During his decade in London after the turn of this century, Killough raised close to $2 million in development funds for his company, Pure Film Limited, in partnership with the late Hon. Angad Paul (Snatch, Lock, Stock…)  and Baron Lorne Thyssen-Bornemisza. Upon his return to Los Angeles in 2011, Killough launched Pure Film Creative to broaden the company’s purview from film and TV to include all forms of content creation across every possible platform. The company has created content for major brands and corporations, among them Citibank, Aramark, Iron Mountain, TransAmerica, Prudential Insurance, and numerous legacy luxury brands.

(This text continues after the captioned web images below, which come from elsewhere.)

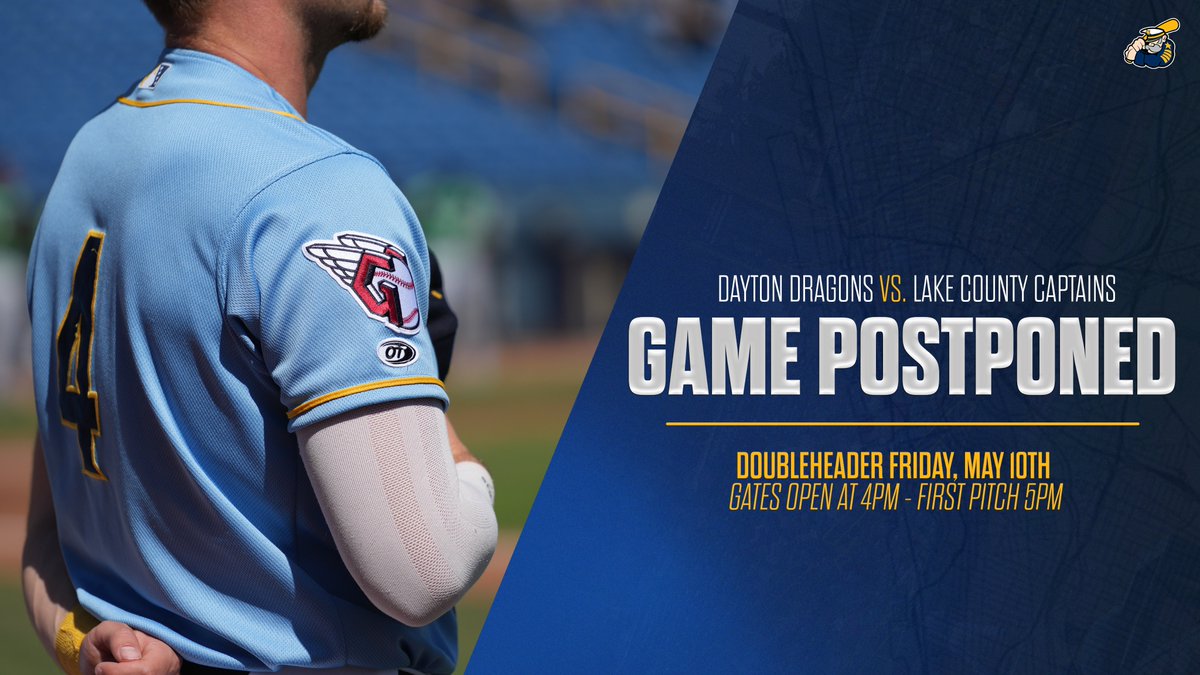 tonight's game vs. @DragonsBaseball has been postponed due to rain :'( tomorrow, May 10th, will see a doubleheader, gates open at 4pm, first pitch of game 1 at 5pm tickets for tonight's game can be exchanged for any reg. season home game at the box office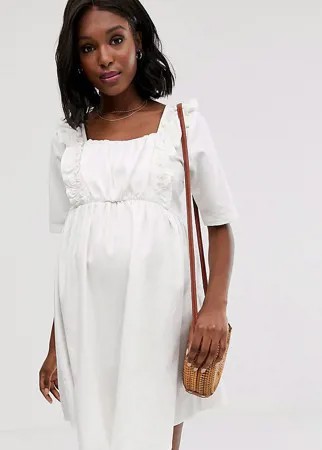 Белое свободное джинсовое платье с оборками ASOS DESIGN Maternity-Белый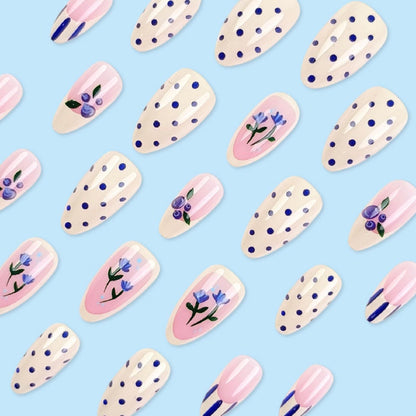 Medium Almond Press-On Nails For Everyday Wear, Events, Easy DIY Manicure (Blue) Kemu |Fashion Home Kitchen Beauty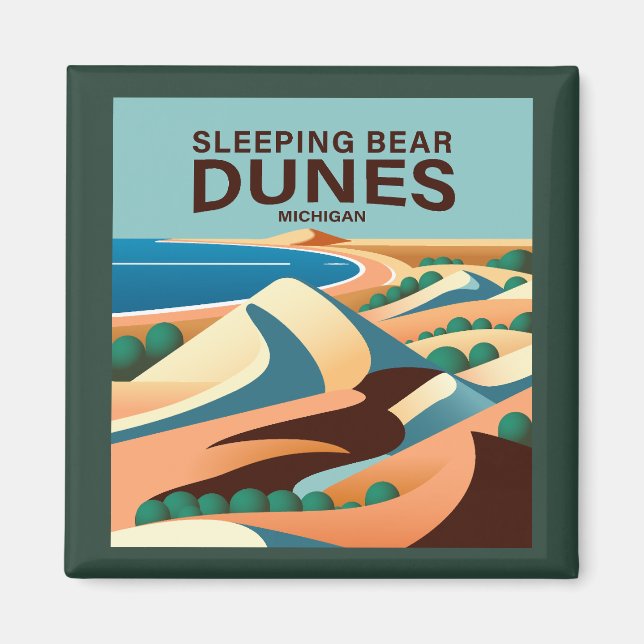 Sleeping Bear Dunes Michigan Magnet (Framsidan)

Killough’s adaptation of F. Scott Fitzgerald’s short story Winter Dreams made United Talent Agency’s Best Reads of the Year with a rare strong recommend from analysts. In 2020 he completed a three-picture feature-film deal with his creative partner Rain Li for major Chinese studios. Their short film Us was viewed over 70 million times in twenty-four hours when it streamed in May 2016, which led the team to a feature-film commission based on its complex mother-daughter dynamic.

James has been published in The New York Times, Travel and Leisure, and Health and Fitness. A regular guest lecturer at NYU Film School, his work has been used as teaching tools by his mentor, Jack Lechner (Blue Valentine), currently chair of the Film Department at Columbia University.

In June 2022, he published a controversial two-part exposé explaining how his teen romance in Rome in the late 70s with Gore Vidal’s godson, also named Oliver, like Armie Hammer’s character, was in all likelihood the inspiration for André Aciman’s Call Me By Your Name

As a way of breaking down and explaining to his well-meaning liberal friends the needlessly complicated narratives that have given rise to decidedly not-well-meaning Wokeism, while also building a readership for the first book of his forthcoming memoir, What’s American Boy, James launched a Substack newsletter in February 2023, Quibblers & Scribblers. It consistently maintains three times the average Substack reader engagement.

Fluent in five languages, James divides his time between L.A., New York, Beijing and Delhi.